La energía también cumplió un papel en la transición entre la sociedad medieval y la edad moderna. La “conquista de todo un continente por explotar” proporcionó metales preciosos, pero también nuevas tierras y millones de esclavos amerindios y africanos, convertidos en “una fuente energética fundamental” para cimentar los inicios del capitalismo. Un sistema económico y social catapultado por dos revoluciones industriales, basadas en el carbón y el petróleo, que cambiaron para siempre la historia de la humanidad. “De repente hubo muchísima más energía disponible, fácilmente acumulable. Una energía muy barata en grandísimas cantidades, pero no para todo el mundo. Un pequeño grupo de personas podía controlar la boca de la mina o el pozo petrolero”, argumenta González Reyes. Unos cambios “radicales” que se trasladaron a la organización social: “En las sociedades industriales, la potencialidad de dominación de unas personas sobre otras explotó, especialmente porque se produce en un entorno de capitalismo. Más energía significa más productividad, más explotación del entorno, más reproducción del capital, por lo tanto, más acumulación y capacidad de explotación, y, a partir de ahí, más economía financiera, un Estado más centralizado y ejércitos cada vez más letales”.
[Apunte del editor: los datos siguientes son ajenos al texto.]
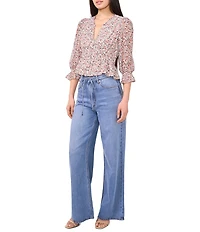 1. STATE V-Neck Smocked Waist 3/4 Sleeve Blouse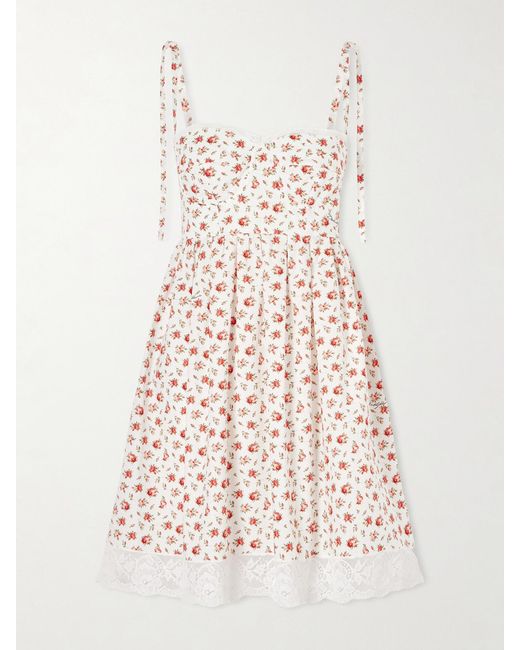 Dolce & Gabbana Natural Lace-Trimmed Floral-Print Cotton-Blend Poplin Bustier Mini Dress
El colapso de civilizaciones enteras es una constante en la historia: “Llega un momento en el que una sociedad alcanza los límites de sus recursos”. Pero no es el único factor. El otro es el aumento insostenible de la “complejidad”, entendida por Gonzá­lez Reyes como el aumento de la población, de la interrelación entre las personas y de la especialización social. “Grandes aumentos en la complejidad requieren necesariamente mayores aportes energéticos”, define. La caída de Roma es un ejemplo de esto. Tam­bién lo es la situación actual, donde el aumento de población, del comercio globalizado y del consumo choca con una realidad incontestable: que los combustibles fósiles baratos y de buena calidad tienen los años contados y que, según los autores, no hay a la vista “ninguna energía o combinación de ener­gías” que pueda suplantarlos.

A diferencia de otras crisis civilizatorias, no se trata “del colapso de una parte de la población, ni de un territorio concreto, sino de un colapso que abarca al conjunto del planeta, en el que no hay sitios donde ir”. Ya no se trata de un “mundo vacío”, sino de un mundo “saturado”, donde el cambio climático y la “crisis crónica del capitalismo”, que cada vez tiene más dificultades para mantener sus tasas de beneficios constantes, pone las cosas todavía más difíciles.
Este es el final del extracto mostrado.